An earthquake this year damaged fourteen hydropower dams in Nepal. In June 2013, a vicious flood that scientists linked to climate change killed thousands of people in Uttarakhand, India, and wrecked that Himalayan state’s hydropower sector. A tsunami in the Pacific Ocean in 2011 killed 16,000 people and shut down Japan’s seawater-cooled nuclear sector.
Deep droughts have been especially dangerous. Brazil’s largest city joined America’s largest state, and nearly all of Iran and South Africa in contending with serious water scarcity. A twelve-year dry spell in Australia’s food-producing Murray-Darling basin ended in 2010, but not before it caused the largest rice industry in the southern hemisphere to collapse. More than 1 million metric tons of rice vanished from world markets. Australia’s wheat growers, typically the world’s sixth largest exporters, managed to harvest just over half of the 20 million metric tons of grain they normally produced. Both harvest failures contributed to rising grain prices. And don’t forget that rising food prices helped to touch off the Arab Spring in 2010, while the civil war in Syria was fueled in part by four years of drought.
When world leaders gathered in Paris at the end of 2015 for the United Nations climate talks, they committed themselves—as representatives of nearly every country on the planet—to reducing climate-disrupting greenhouse gas emissions. But the actual work of reducing those emissions doesn’t begin with world leaders at climate summits, it begins with leadership in states, cities, and municipalities. In California, that work began decades ago.

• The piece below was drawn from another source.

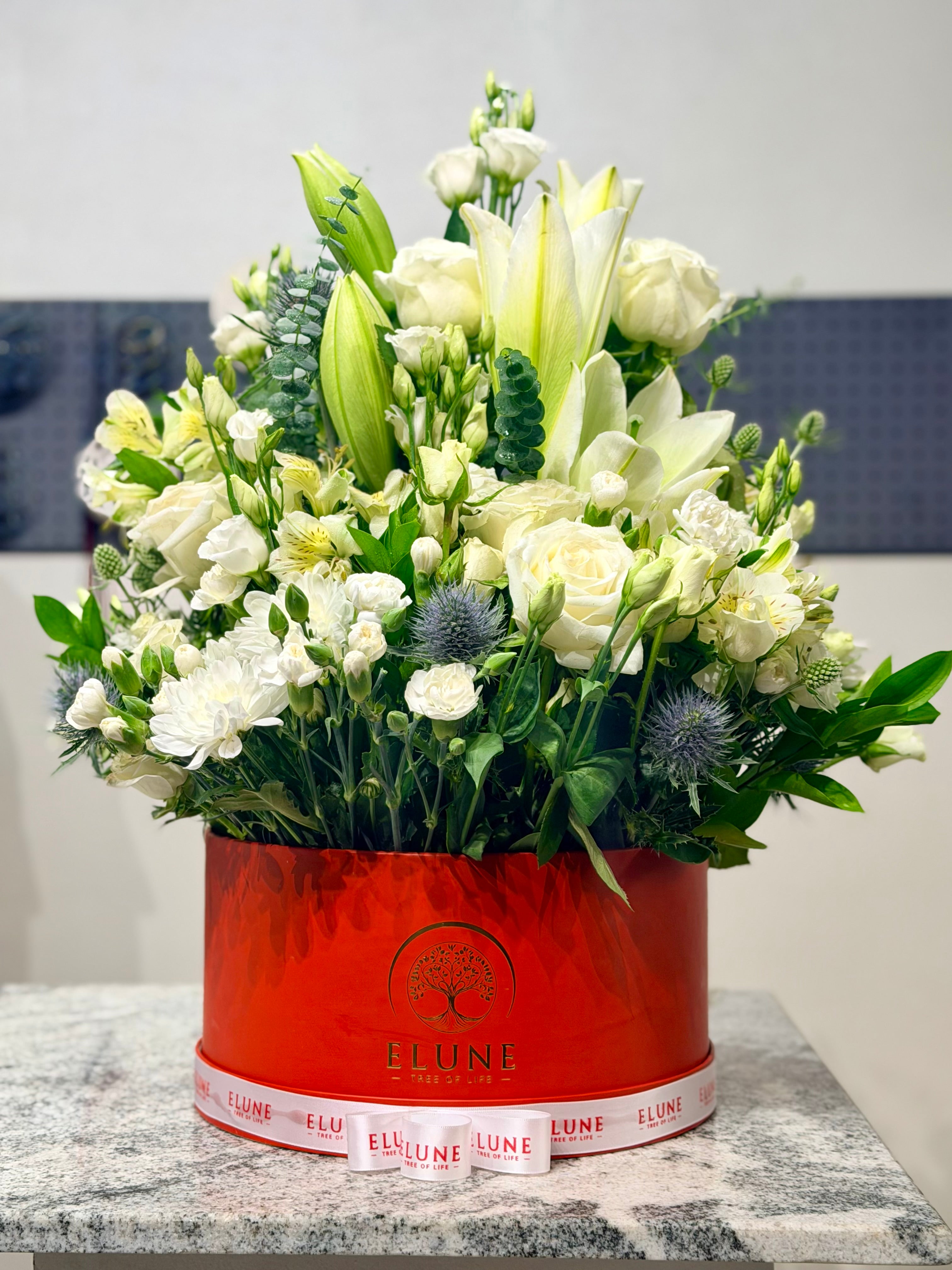 Crimson Moonlight Box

California Aqueduct crossing the San Andreas Fault in Palmdale, California. Photograph by Michael R. Perry via Flickr.
Last year, San Diego announced it would generate all of its electricity with renewable energy by 2030.
The world’s largest solar photovoltaic and concentrated, solar-electric generating stations operate in the Mojave Desert in California.
Later this year, Sacramento will open a high-tech arena and public square in its redeveloping downtown without any new parking capacity. A smart decision to build a light-rail transit network thirty years ago made that possible.
Oakland’s transformation is particularly indicative. In energy efficiency, pollution control, and waste management, Oakland is setting national standards of policy design and performance, thanks to three programs that form the foundation of the city’s work. Then-mayor Jerry Brown put a plan in place in 2006 to cut Oakland’s production of solid waste to zero by 2020. Four years later, a 2010 green building code and standards required new home, office, retail, and recreation buildings to be much more energy efficient. In 2012, an “energy and climate action plan,” among the country’s most ambitious, set the goal to cut carbon emissions 36 percent by 2020.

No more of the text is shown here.